=== Assignment ===
In the entries below, find the line with "Blacksburg Hideaway w/" and the line with "Coffee/tea maker, fridge, microwave, oven". Repeat exactly everything between them, those two lines included, but not the pictures.

=== Data for review ===
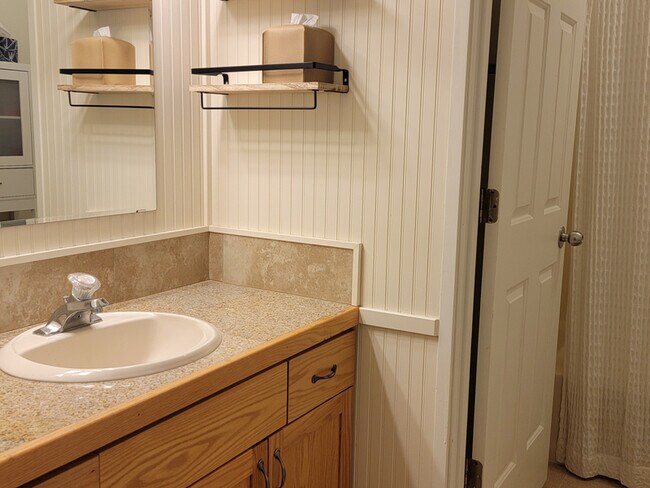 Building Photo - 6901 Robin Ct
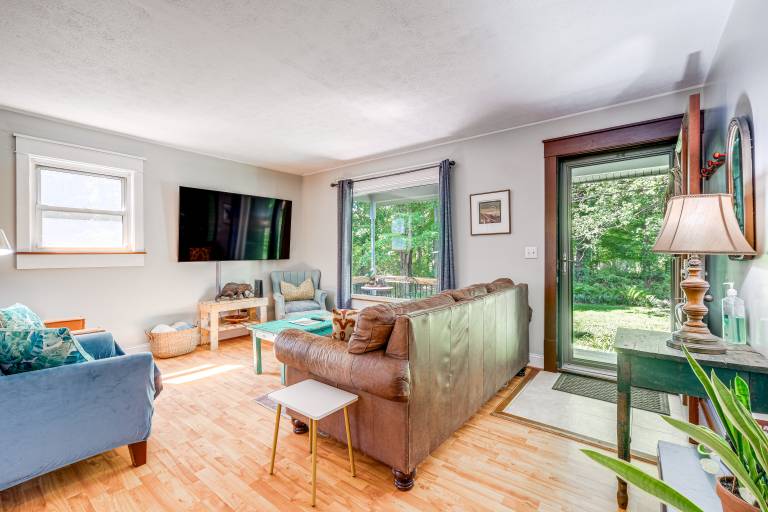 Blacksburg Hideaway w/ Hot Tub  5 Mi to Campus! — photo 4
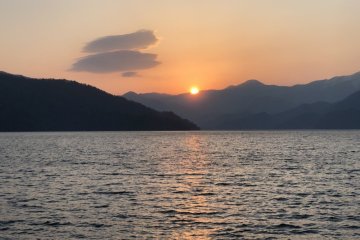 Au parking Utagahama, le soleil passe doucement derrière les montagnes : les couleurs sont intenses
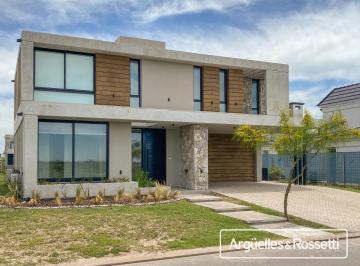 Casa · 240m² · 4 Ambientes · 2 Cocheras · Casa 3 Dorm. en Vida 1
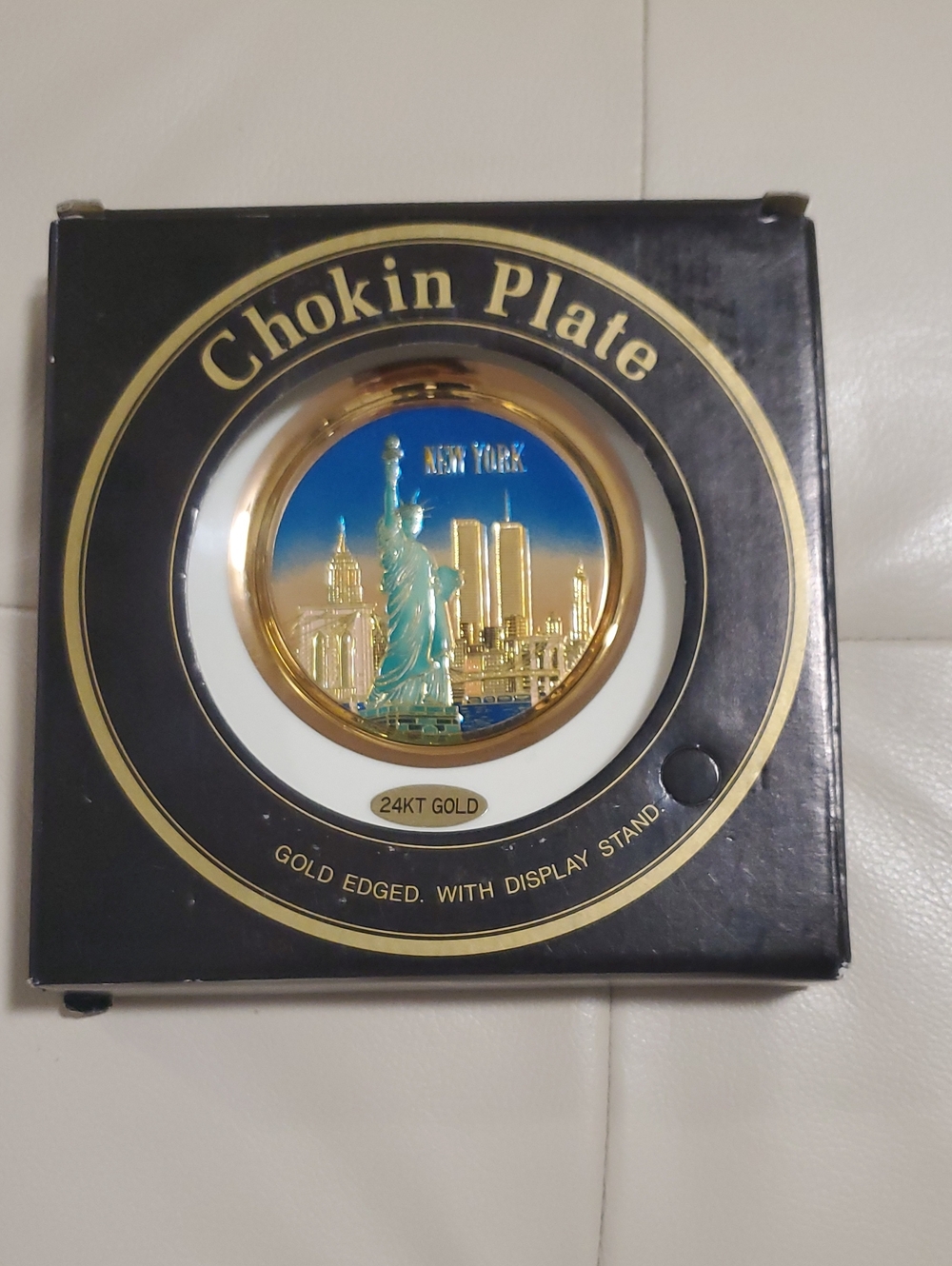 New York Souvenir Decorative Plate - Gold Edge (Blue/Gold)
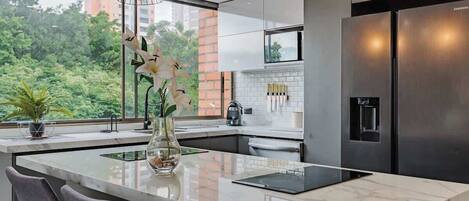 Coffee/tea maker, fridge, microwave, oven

* * *

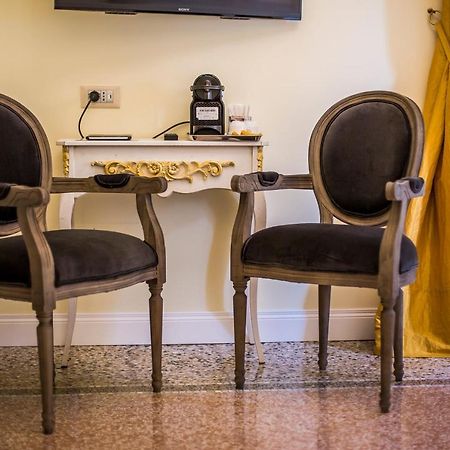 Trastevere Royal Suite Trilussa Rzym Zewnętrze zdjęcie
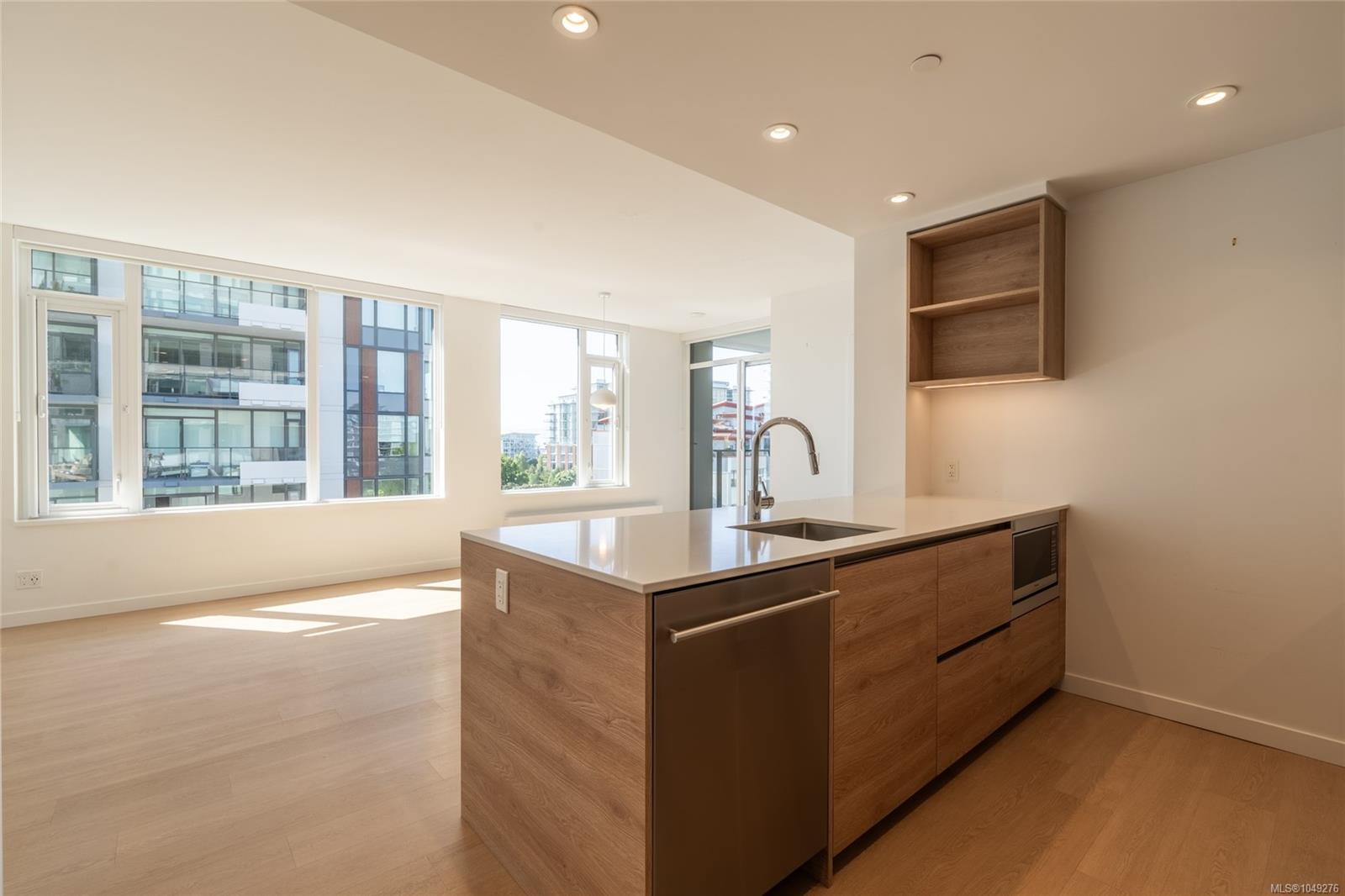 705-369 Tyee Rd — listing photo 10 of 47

==

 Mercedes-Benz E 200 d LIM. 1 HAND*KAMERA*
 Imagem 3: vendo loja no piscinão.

=== Reply ===
 Blacksburg Hideaway w/ Hot Tub  5 Mi to Campus! — photo 4
 Au parking Utagahama, le soleil passe doucement derrière les montagnes : les couleurs sont intenses
 Casa · 240m² · 4 Ambientes · 2 Cocheras · Casa 3 Dorm. en Vida 1
 New York Souvenir Decorative Plate - Gold Edge (Blue/Gold)
 Coffee/tea maker, fridge, microwave, oven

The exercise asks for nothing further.